Some argue that recent new government administrations have been particularly vulnerable to error as a result of suspicious ministers inheriting senior officials who are over anxious to please. Indeed, it is hard to read Anthony King’s The Blunders of our Governments or Richard Bacon and Christopher Hope’s Conundrum – Why Every Government Gets Things Wrong - let alone the Chilcot Report - without wondering whether very senior officials could not have done more to persuade their political masters and mistresses to take more sensible decisions. If not, then what were we employing them for?
Queen Elizabeth 1st offers a good example of how powerful people do not always follow through on their promise to reward truthful advisers. She famously instructed William Cecil as follows: "This judgment I have of you: that you will not be corrupted with any manner of gift, and that you will be faithful to the state, and that, without respect to my private will, you will give me that council that you think best." Historians record, however, that - as she got older and more confident in her own opinions - she often became very angry with courtiers who argued with her.

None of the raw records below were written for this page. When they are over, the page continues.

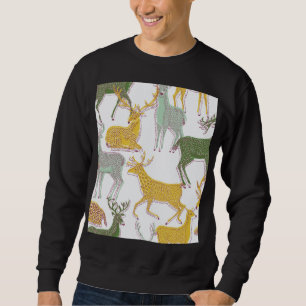 Sudadera Deers geométricos: Ilustracion de patrón tradicion
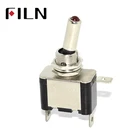 ASW-07D 12V 20A Auto Car Boat Truck Illuminated Led Toggle Switch With Safety Aircraft Flip Up Cover Guard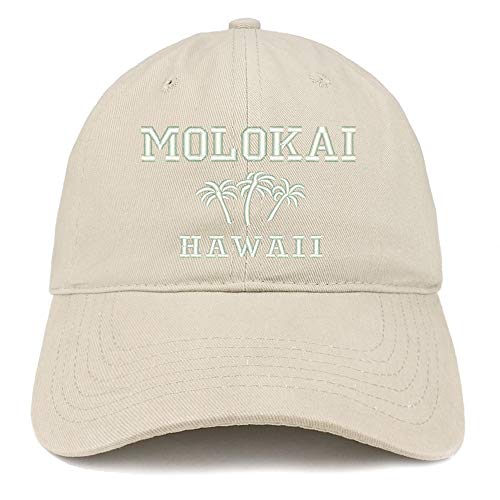 Trendy Apparel Shop Oahu Hawaii & Palm Tree Embroidered Cap – Brushed Cotton, Low Profile, Adjustable – One Size Fits Most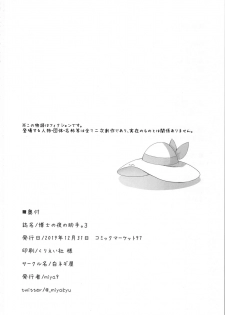 (C97) [Shironegiya (miya9)] Hakase no Yoru no Joshu. 3 (Pokémon Sun and Moon) [Chinese] [final個人漢化] - page 29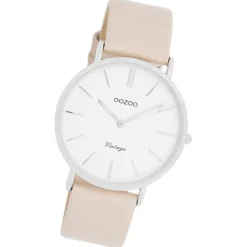 Oozoo Unisex Armbanduhr OOZOO Vintage Series Analog Leder beige UOC20390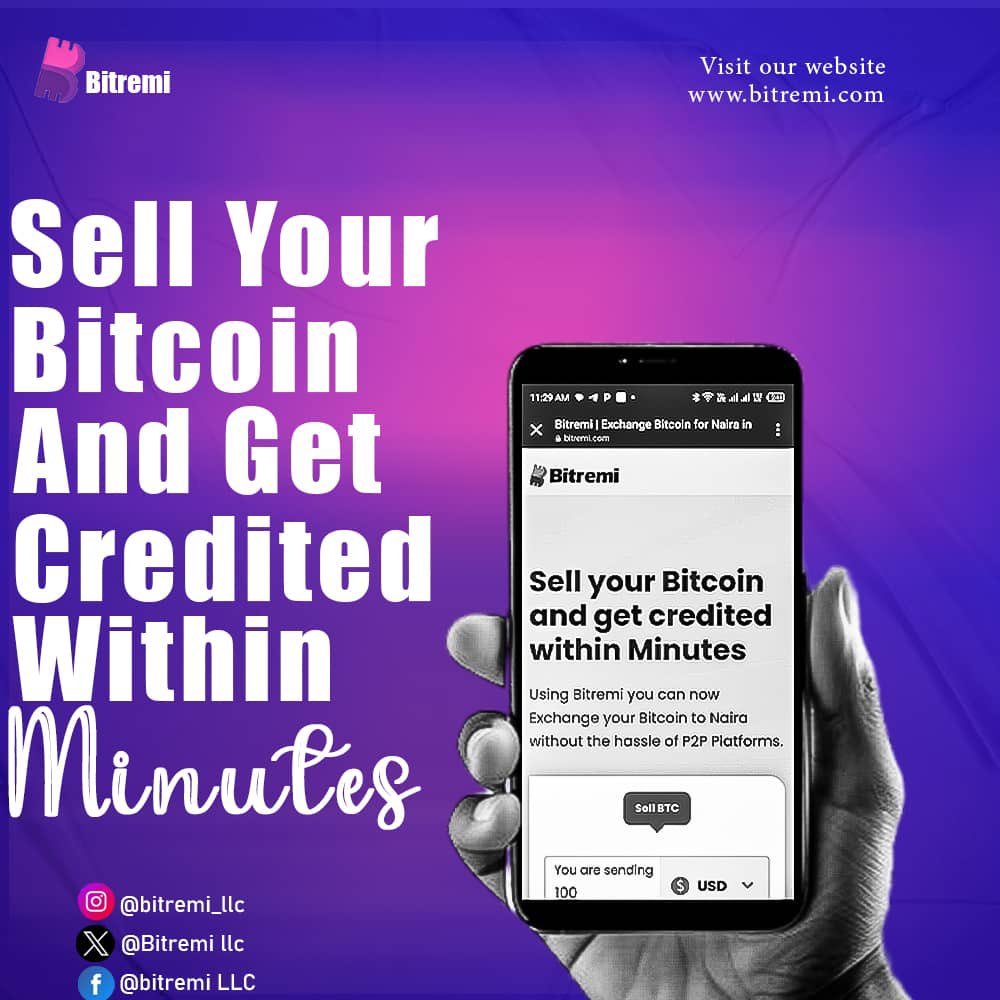 BitremiLLC's tweet photo. Unlock the Value of Your Exchange! Instantly Sell and Get Credited immediately!
Visit https://t.co/Lt3qpAan4b and enjoy the easiest trading experience youโve ever had!
#tradingmadeeasy #madeinnigeria #bitremi #qualityassurance #seamlesstransactions #exchange #instantcredit https://t.co/FWiGVqA2X0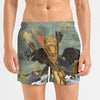 THE YOUNG KING ALT. 2 II All-Over Print Men's Poplin Cotton Boxers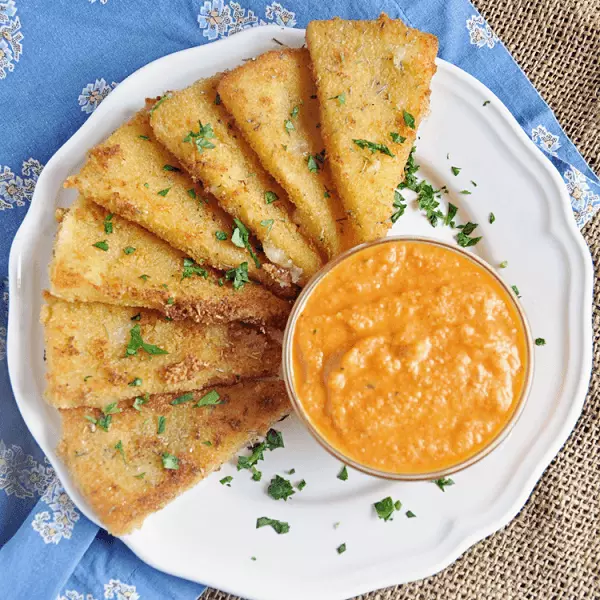 Fried Manchego Cheese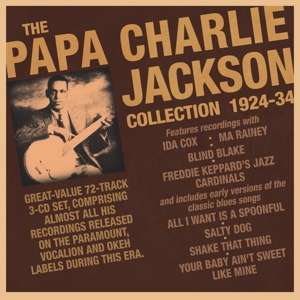 The Papa Charlie Jackson Collection - Papa Charlie Jackson - Muziek - ACROBAT - 0824046908829 - 4 oktober 2019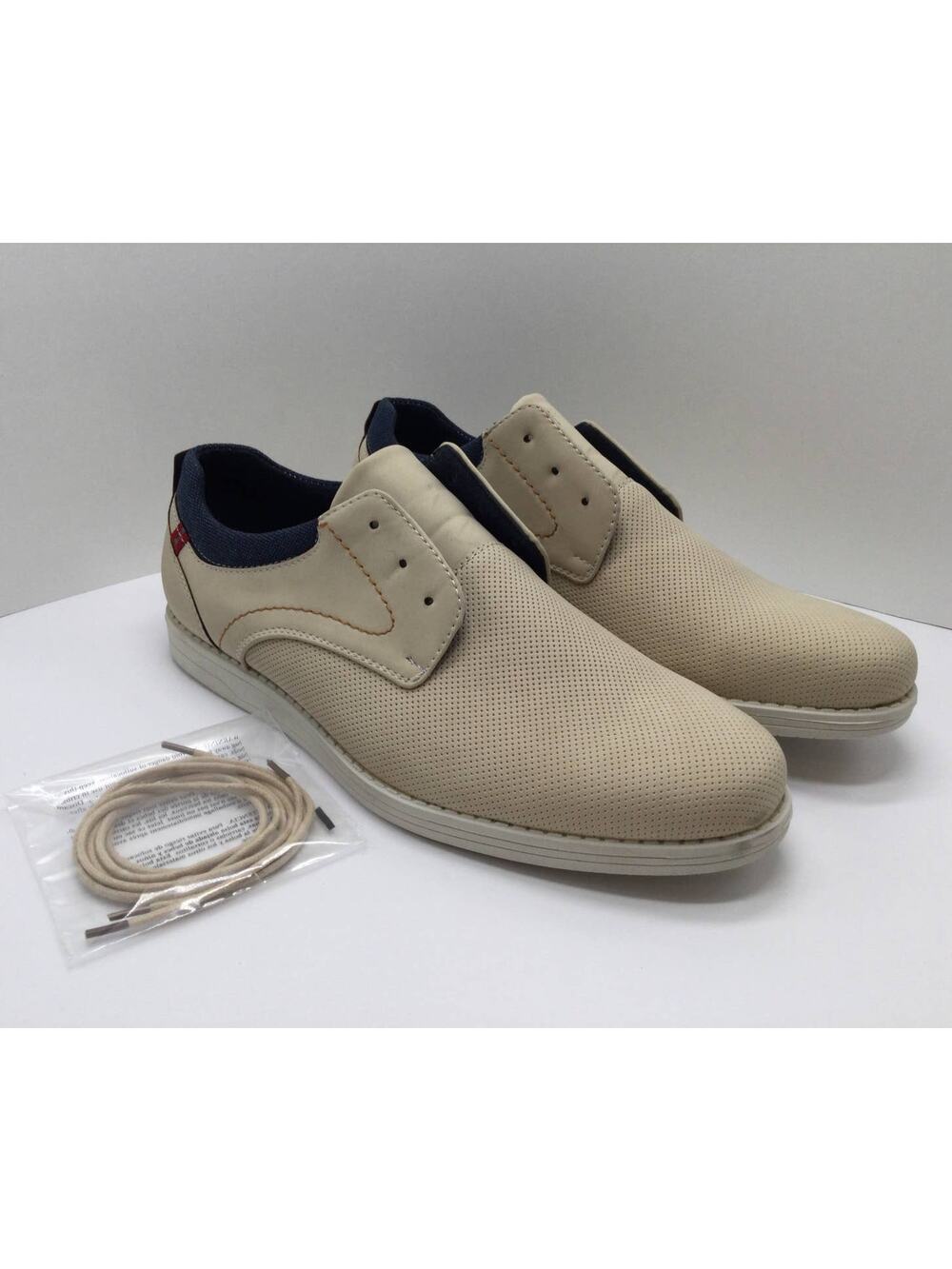 NEW Velero Beige Loafer Boat Shoe Men 9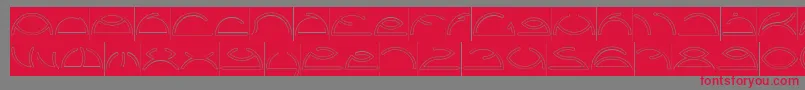 Saint Fighter Aqua Inverse Font – Red Fonts on Gray Background
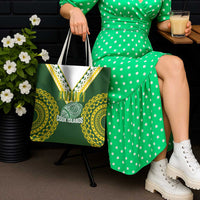 Avaiki Cook Islands Rugby Tote Bag Kuki Airani Tatau Green - Polynesian Pride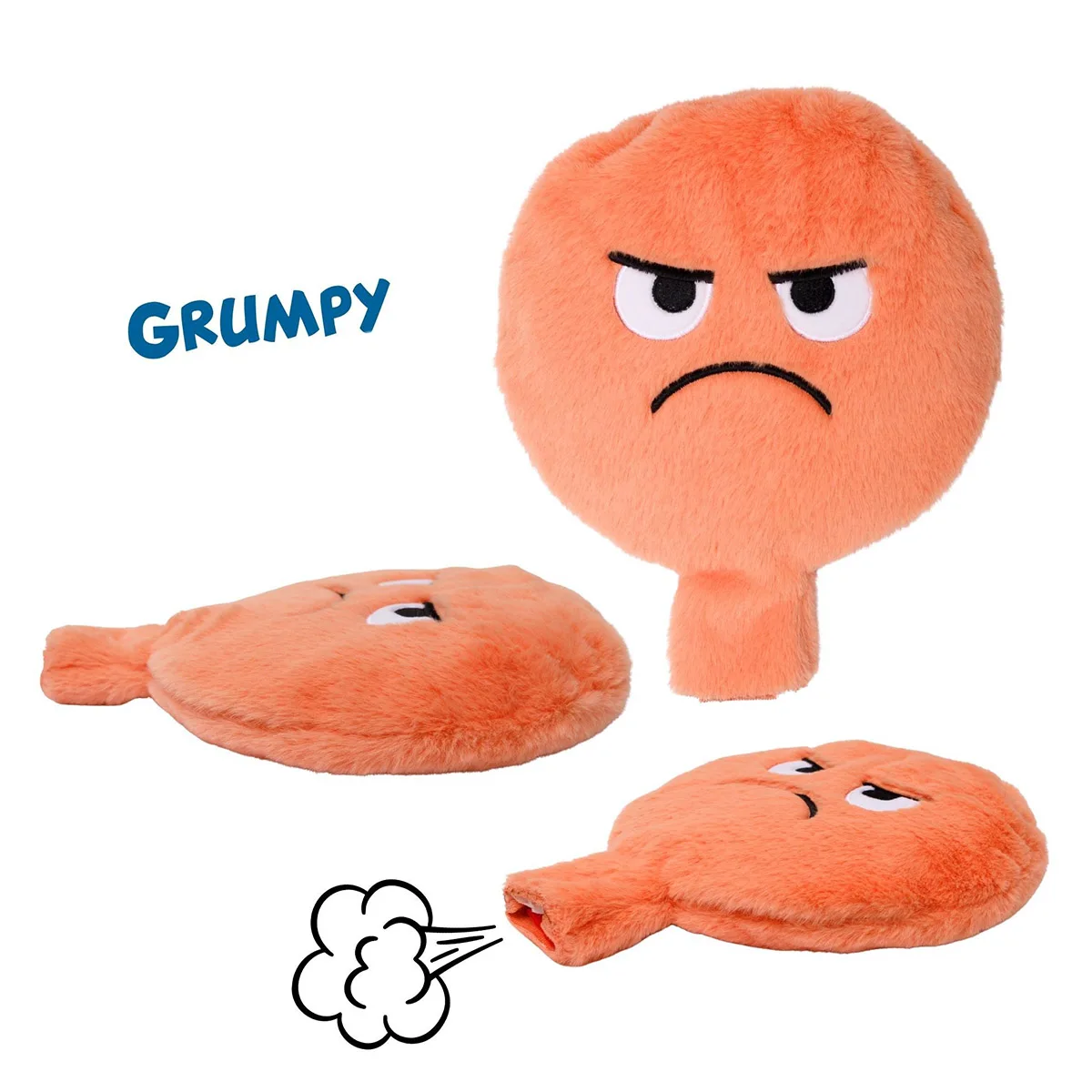 Pernă de pluș cu sunet amuzant, Grumpy, culoare: Multicolor, dimensiune: 22x18x5 cm – fotografie produs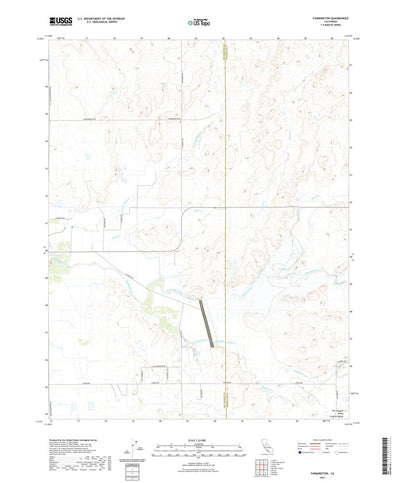United States Geological Survey Farmington, CA (2021, 24000-Scale) digital map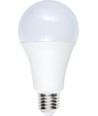 E27 12W LED-lampa, 12-60V - A70, 1100lm, opalt glas, 3000K, AC/DC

Alison Weir says that: 'She did not feel bound to take her councillors' advice, and frequently shouted at them or banned them temporarily from court if they disagreed with her. Many were prepared to risk this minor punishment for the sake of putting their views across.'
One wonders why anyone chooses to serve certain leaders. Hinting at the execution of several North Korean officials in 2019, a newspaper commented that:
"Those who pretend to serve the leader to his face but have different goals, and dream different dreams behind his back, those who have thrown away their loyalty and ethics, those who are anti-party, anti-revolution, cannot escape a heavy judgment."
It can be especially difficult to speak truth to power when there are several other factors combining to create a policy disaster. James Thomson's famous analysis of the disaster that was the Vietnam War makes both entertaining and sobering reading:- How Could Vietnam Happen?: An Autopsy.
And it is of course very difficult, verging on impossible, immediately to correct mistakes made by powerful people in public gatherings. The faces - and even the subsequent pronouncements of - senior US medics were wonderful to behold when President Trump announced that injecting disinfectant might be a great way to kill the COVID-19 coronavirus.